Um dos itens mais controversos é a possibilidade de suspender jornalistas do trabalho como pena por difamação.

A organização de liberdade de imprensa Repórteres Sem Fronteiras (RSF) considera o dispositivo proposto em janeiro pelo senador Alberto Balboni, da coligação partidária que está no poder, “uma proibição escandalosa da prática jornalística”. 

A medida, que poderá durar até seis meses, constituiria uma violação direta do direito internacional e das obrigações internacionais da Itália, na visão da entidade, que publicou uma nota condenando as mudanças previstas. 

“Sendo o jornalismo o exercício profissional de uma liberdade fundamental, a liberdade de expressão, não pode ser objeto de proibições prévias.

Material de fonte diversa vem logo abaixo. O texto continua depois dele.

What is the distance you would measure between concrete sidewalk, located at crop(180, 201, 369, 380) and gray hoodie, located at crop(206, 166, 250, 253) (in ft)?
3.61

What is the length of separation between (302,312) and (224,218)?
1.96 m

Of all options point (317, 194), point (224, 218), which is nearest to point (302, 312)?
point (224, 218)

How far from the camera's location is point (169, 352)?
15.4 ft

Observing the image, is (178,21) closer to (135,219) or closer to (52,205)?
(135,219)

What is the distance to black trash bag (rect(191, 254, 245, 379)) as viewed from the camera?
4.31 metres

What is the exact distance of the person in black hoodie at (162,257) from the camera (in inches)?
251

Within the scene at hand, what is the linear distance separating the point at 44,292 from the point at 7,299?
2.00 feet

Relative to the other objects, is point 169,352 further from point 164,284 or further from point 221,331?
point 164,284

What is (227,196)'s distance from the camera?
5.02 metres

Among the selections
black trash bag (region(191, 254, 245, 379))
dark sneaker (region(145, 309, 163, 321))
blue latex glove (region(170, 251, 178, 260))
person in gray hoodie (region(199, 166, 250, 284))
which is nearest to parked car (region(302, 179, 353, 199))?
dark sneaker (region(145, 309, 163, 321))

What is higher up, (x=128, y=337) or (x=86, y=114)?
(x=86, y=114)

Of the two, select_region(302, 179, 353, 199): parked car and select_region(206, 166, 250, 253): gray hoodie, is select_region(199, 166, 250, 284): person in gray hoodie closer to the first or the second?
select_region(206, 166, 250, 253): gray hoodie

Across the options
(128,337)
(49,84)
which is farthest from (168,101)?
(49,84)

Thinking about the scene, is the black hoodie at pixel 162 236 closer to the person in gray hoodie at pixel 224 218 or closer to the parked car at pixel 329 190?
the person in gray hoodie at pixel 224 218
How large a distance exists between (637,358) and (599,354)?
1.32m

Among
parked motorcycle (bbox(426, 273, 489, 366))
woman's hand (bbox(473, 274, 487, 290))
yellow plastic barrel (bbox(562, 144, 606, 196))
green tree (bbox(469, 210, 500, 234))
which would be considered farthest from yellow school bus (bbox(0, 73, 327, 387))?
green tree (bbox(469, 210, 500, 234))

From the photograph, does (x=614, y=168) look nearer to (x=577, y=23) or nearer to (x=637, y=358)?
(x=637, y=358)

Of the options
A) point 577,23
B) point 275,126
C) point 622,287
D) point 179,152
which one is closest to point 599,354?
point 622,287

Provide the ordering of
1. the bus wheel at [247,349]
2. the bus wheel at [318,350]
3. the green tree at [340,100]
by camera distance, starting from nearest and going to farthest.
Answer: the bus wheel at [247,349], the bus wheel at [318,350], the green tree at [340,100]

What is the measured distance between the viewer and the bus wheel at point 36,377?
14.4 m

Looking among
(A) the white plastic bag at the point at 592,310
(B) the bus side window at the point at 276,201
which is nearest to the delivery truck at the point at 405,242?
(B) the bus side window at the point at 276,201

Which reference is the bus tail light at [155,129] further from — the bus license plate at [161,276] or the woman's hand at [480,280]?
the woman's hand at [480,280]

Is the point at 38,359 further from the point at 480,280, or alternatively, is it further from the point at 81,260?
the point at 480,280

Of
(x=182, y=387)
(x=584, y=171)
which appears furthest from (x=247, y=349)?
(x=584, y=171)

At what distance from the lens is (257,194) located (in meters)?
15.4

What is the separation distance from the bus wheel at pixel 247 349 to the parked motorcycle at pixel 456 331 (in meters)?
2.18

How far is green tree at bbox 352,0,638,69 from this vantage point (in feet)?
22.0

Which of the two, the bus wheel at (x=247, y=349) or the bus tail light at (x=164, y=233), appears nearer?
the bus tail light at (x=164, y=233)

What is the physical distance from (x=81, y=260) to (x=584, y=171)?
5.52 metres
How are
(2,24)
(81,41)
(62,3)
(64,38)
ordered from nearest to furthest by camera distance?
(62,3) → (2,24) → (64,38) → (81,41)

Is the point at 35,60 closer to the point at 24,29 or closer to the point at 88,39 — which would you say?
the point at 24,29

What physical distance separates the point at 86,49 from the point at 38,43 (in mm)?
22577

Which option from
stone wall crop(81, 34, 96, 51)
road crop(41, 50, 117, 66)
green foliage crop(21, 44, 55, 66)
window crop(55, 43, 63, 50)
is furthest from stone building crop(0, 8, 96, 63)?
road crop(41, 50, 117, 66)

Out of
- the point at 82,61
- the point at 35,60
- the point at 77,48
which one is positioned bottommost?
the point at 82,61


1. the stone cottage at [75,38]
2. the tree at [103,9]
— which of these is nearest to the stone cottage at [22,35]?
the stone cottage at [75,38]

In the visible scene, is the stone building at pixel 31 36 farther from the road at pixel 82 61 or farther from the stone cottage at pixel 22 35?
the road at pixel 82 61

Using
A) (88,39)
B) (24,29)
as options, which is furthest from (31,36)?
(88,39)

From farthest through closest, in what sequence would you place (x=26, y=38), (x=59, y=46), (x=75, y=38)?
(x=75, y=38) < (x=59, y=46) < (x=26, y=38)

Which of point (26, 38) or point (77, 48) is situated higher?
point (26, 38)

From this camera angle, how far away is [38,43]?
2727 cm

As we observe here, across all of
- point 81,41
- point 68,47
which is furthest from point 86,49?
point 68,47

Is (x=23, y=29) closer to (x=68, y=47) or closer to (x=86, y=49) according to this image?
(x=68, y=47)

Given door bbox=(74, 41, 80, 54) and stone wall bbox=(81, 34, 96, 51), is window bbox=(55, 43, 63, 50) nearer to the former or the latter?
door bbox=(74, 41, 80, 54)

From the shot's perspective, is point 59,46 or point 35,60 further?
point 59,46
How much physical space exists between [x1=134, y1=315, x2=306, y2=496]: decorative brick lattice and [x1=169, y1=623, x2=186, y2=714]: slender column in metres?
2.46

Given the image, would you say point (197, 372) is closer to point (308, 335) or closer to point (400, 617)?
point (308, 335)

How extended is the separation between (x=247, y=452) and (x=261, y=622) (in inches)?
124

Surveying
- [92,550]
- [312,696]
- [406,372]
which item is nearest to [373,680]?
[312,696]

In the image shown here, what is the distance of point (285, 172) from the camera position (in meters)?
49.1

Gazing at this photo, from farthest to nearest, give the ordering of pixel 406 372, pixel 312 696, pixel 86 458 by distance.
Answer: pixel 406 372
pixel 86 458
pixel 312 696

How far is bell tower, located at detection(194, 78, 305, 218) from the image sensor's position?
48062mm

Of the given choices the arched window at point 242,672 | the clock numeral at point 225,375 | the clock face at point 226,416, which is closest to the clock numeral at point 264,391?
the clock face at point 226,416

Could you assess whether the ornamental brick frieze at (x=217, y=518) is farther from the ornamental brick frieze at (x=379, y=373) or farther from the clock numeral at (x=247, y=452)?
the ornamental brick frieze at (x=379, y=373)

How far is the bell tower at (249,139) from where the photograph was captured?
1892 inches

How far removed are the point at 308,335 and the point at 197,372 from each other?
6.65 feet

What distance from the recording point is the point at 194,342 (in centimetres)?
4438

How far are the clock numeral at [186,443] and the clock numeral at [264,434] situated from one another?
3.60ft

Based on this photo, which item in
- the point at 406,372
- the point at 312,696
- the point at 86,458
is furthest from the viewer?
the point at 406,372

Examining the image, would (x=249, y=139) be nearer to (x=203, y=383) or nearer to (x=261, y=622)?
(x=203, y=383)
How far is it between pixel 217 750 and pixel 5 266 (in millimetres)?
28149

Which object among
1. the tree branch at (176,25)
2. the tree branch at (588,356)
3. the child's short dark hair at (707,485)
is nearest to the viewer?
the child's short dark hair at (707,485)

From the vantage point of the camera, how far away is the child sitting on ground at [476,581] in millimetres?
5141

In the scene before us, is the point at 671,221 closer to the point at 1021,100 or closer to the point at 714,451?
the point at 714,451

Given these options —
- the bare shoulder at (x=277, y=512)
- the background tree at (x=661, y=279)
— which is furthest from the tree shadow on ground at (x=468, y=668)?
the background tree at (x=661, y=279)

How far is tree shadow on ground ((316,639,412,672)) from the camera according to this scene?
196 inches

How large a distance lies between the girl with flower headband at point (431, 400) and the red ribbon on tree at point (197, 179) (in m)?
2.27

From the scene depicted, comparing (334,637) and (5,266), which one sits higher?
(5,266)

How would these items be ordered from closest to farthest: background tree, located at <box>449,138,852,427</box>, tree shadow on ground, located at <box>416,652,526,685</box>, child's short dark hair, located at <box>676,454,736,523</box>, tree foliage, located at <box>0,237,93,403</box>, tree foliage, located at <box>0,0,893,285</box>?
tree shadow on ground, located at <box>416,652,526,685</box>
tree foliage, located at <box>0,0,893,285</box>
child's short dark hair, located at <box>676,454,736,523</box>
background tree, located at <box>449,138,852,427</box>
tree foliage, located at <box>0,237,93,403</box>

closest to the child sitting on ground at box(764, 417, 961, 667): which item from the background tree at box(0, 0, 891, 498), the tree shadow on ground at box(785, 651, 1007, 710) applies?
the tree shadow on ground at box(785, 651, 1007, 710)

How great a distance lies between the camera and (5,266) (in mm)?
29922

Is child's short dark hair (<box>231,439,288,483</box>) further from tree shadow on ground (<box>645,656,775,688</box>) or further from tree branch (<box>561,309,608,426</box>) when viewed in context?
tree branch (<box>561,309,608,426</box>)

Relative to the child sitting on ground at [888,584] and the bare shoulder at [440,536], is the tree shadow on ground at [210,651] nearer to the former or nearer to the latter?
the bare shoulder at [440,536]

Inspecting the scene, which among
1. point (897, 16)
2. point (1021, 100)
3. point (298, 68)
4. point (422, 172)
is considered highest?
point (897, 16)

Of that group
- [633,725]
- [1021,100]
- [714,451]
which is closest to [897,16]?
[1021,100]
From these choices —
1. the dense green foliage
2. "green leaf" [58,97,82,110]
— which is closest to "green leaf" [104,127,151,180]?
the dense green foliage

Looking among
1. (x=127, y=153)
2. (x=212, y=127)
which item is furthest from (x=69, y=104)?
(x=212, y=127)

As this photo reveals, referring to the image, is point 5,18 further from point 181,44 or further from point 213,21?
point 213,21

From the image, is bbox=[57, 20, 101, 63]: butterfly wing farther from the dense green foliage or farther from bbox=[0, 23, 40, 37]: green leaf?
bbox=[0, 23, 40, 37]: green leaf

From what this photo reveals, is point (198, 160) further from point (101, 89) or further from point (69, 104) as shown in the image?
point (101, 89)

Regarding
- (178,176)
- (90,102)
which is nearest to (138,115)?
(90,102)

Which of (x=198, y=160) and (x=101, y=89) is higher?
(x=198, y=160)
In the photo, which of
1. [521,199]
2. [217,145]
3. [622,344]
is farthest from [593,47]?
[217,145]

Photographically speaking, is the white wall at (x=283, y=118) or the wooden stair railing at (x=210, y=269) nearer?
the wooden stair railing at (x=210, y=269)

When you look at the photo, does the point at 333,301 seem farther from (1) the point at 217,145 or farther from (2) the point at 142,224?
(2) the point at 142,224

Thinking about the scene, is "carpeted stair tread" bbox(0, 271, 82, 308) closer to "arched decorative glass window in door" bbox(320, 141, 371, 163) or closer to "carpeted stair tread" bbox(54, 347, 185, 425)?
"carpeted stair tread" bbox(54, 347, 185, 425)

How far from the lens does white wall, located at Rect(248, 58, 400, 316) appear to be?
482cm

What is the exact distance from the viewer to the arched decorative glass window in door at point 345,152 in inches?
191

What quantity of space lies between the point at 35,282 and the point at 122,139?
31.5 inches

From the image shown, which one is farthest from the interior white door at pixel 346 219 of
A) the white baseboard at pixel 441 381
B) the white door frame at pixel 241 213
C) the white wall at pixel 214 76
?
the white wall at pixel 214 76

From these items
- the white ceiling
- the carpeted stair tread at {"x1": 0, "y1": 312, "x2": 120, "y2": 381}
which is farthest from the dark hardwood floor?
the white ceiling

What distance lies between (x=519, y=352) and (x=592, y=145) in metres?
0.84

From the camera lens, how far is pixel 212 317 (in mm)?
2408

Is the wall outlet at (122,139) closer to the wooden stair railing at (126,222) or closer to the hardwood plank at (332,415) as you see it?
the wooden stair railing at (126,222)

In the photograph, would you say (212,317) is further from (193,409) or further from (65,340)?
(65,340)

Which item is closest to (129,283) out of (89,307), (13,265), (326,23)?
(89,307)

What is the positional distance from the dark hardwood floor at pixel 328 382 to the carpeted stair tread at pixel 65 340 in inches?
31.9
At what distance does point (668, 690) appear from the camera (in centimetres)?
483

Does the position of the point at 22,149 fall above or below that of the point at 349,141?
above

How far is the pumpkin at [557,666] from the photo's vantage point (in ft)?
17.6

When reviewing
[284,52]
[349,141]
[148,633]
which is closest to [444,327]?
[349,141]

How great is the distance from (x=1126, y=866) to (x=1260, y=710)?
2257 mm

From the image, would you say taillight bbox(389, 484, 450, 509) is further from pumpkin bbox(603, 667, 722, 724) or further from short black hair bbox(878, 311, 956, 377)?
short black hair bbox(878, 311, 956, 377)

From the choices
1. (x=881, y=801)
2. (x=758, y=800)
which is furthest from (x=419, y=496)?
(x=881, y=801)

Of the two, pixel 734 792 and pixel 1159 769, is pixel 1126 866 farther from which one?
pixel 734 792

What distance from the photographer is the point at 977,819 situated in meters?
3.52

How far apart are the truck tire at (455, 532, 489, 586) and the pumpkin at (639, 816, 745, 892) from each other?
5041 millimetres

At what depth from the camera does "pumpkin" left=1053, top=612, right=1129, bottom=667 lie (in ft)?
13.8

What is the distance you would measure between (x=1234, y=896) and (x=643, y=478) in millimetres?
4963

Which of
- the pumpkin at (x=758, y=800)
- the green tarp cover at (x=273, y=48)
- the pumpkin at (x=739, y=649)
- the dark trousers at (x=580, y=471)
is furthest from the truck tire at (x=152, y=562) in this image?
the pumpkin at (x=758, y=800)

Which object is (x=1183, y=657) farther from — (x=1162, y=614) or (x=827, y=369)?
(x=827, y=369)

Uma sentença dessa natureza violaria a jurisprudência do Tribunal Europeu dos Direitos Humanos e as disposições do Pacto Internacional sobre os Direitos Civis e Políticos.”

Pavol Szalai, Chefe da RSF para a União Europeia e os Balcãs, salientou que o direito de defesa contra a difamação é legítimo, “mas não deve amordaçar a liberdade de imprensa”, referindo-se também à manutenção de penas de prisão, que inicialmente seriam retiradas da lei que está em vigor. 

A preservação de penas de prisão anticonstitucionais para este delito é absolutamente inaceitável.

Quanto à proibição de trabalhar como jornalista incluída na reforma da lei da difamação, não só é desproporcional como também contrária às recomendações de combate aos SLAPP [processos judiciais com fins de intimidação e danos financeiros a jornalistas e ativistas]  feitas pelo Conselho da Europa e pela União Europeia.”

A alteração proposta também aumenta significativamente o valor das multas por difamação – que podem ser combinadas com possíveis danos – de cerca de 1 mil euros para entre 5 mil a 10 mil euros.

A multa pode ser aumentada para 50 mil euros se se considerar que o autor do crime tinha conhecimento da falsidade da informação publicada, explica a RSF. 

A organização de liberdade de imprensa instou a coligação no poder a “substituir estas disposições que ameaçam os jornalistas com a autocensura por medidas que protejam o direito à informação inspiradas nos padrões europeus”, incluindo a recomendação do Conselho da Europa sobre o combate aos processos judiciais destinados a silenciar vozes críticas.